Alors que féminisme et abolition du système pénal ne semblent pas aller de pair, la professeure et sociologue Gwenola Ricordeau va à l’encontre de cette idée et met en lumière, dans son ouvrage Pour elles toutes : femmes contre la prison, les effets concrets et négatifs du système pénal, spécialement à l’encontre des femmes. Elle se donne pour mission de démontrer que ce système n’est pas une aide contre les violences structurelles faites aux femmes, bien au contraire. Elle prône donc une abolition du système pénal et donne des pistes pour s’en émanciper et le repenser.

Retour sur la conférence qu’elle a donnée le jeudi 30 septembre 2021 à l’Université de Lausanne.

Qui est Gwenola Ricordeau ?

Professeure de sociologie à l’université de Lille puis de justice criminelle à l’université de Chico en Californie, Gwenola Ricordeau a passé plus de quinze ans à décrypter l’appareil judiciaire. C’est à la suite de son travail sur le système carcéral qu’elle décide de déconstruire les grandes idées de justice en adhérant au mouvement abolitionniste.

En 2019 elle publie l’ouvrage Pour elles toutes : femmes contre la prison dans lequel elle explique que certaines idées féministes qui plaident pour une criminalisation accrue et un durcissement des sanctions à l’encontre des hommes reconnus coupables de violences faites aux femmes ne sont en réalité pas favorables à la cause des femmes. Elle rappelle que derrière l’hommes incarcéré se trouve souvent une femme : une fille, une sœur, une épouse qui est, elle aussi, une victime. Selon elle, le système carcéral tel que nous le connaissons aujourd’hui met trop l’accent sur le but de punir les hommes dans l’intérêt de celles qui ont été victimes de leurs actes, se désintéressant du sort de celles qui doivent assumer les coûts sociaux liés à l’incarcération de leurs proches.

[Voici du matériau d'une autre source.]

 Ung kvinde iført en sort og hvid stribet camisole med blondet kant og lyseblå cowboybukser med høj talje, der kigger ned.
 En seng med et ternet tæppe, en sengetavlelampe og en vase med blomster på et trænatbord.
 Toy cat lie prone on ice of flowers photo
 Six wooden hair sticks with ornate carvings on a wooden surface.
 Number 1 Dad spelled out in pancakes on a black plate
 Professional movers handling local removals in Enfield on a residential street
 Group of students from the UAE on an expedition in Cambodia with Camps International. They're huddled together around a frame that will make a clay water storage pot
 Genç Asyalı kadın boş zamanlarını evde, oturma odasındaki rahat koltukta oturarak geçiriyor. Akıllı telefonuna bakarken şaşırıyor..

Son dernier livre en date Crimes et peines : penser l’abolitionnisme pénal fait découvrir et explique le mouvement abolitionniste.

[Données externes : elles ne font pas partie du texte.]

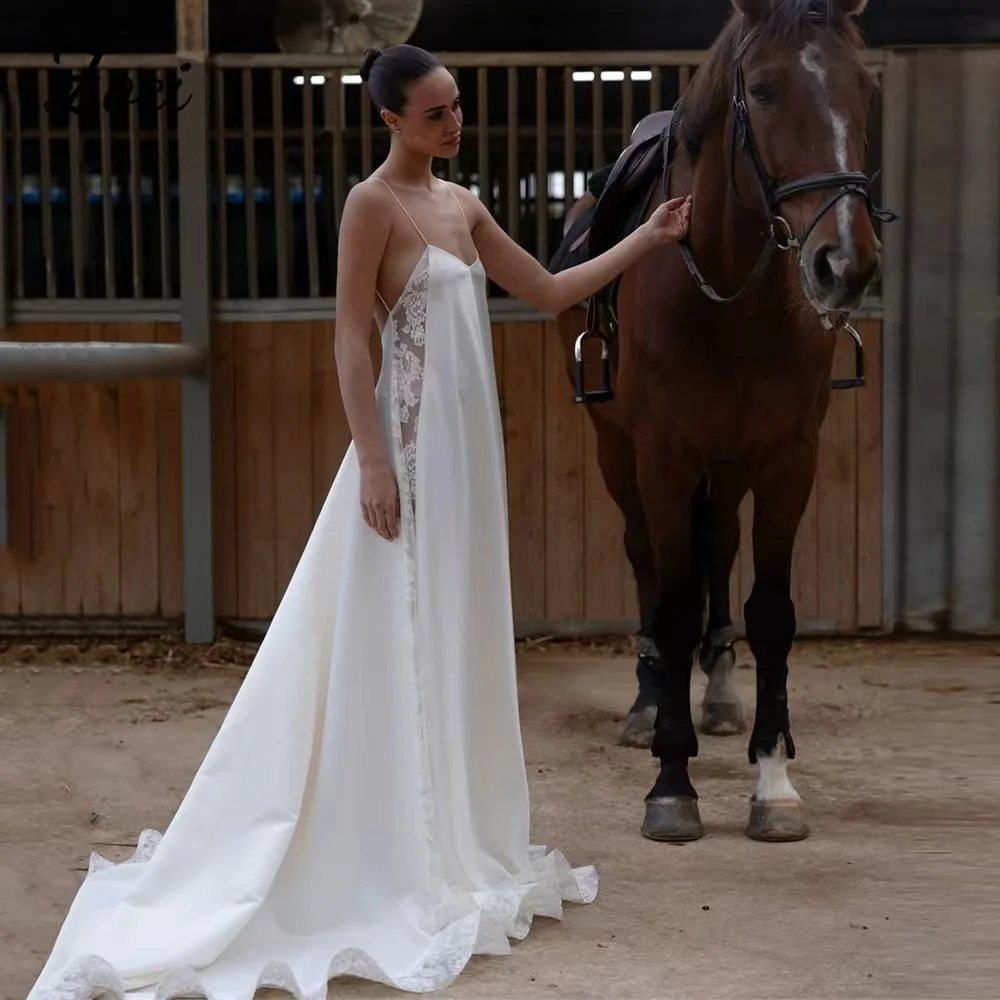 Suknie ślubne w stylu boho na plażę, seksowne, szyte na miarę, na ramiączkach spaghetti, z koronkowymi aplikacjami, suknie ślubne w kształcie litery A, gorsetowe.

Qu’est-ce que l’abolitionnisme ?

L’abolitionnisme est un mode de pensée qui consiste à mettre en doute le système pénal au lieu d’envisager des alternatives pour corriger ses effets négatifs comme le font aujourd’hui nombre de pénalistes, notamment dans les actuelles discussions autour de la modification de la définition du viol.

L’abolitionnisme en général plaide pour une abolition totale du système pénal et de toutes les grandes instances qui vont de pair avec ce système : les instances policières, les prisons, les tribunaux. Les mouvements favorables à la suppression des instances policières prennent de l’ampleur aujourd’hui avec des mouvements comme Black Lives Matters.

L’abolitionnisme n’est cependant pas un mouvement nouveau mais est né au milieu des années 70. À partir des années 2000, le combat des abolitionnistes était lié à celui de l’abolition de l’esclavage et, depuis 2010, on commence à parler de justice transformative : une façon d’envisager différemment le système pénal.

L’abolitionnisme veut supprimer l’approche punitive basée sur les délits et les crimes, penser le système pénal autrement qu’uniquement à travers la relation auteur-victime et ne pas répondre aux infractions par des sanctions mais envisager d’autres techniques plus efficaces et plus économiques.

Raisons d’existence des peines et critiques abolitionnistes à leurs égards

Le système pénal se base sur quatre piliers :

  1. La dissuasion, que l’on peut qualifier plus vulgairement de « peur des gendarmes ». Le but étant de décourager les infractions et d’éviter la récidive.
  2. La rétribution : les infractions ne doivent pas rester impunies.
  3. La réhabilitation : le but de l’incarcération est également de pouvoir ensuite réinsérer la personne condamnée dans la société.
  4. La neutralisation ou élimination : le système pénal permet d’écarter les criminels qui ne peuvent être réinsérés dans la société, afin de garantir la sécurité de la population.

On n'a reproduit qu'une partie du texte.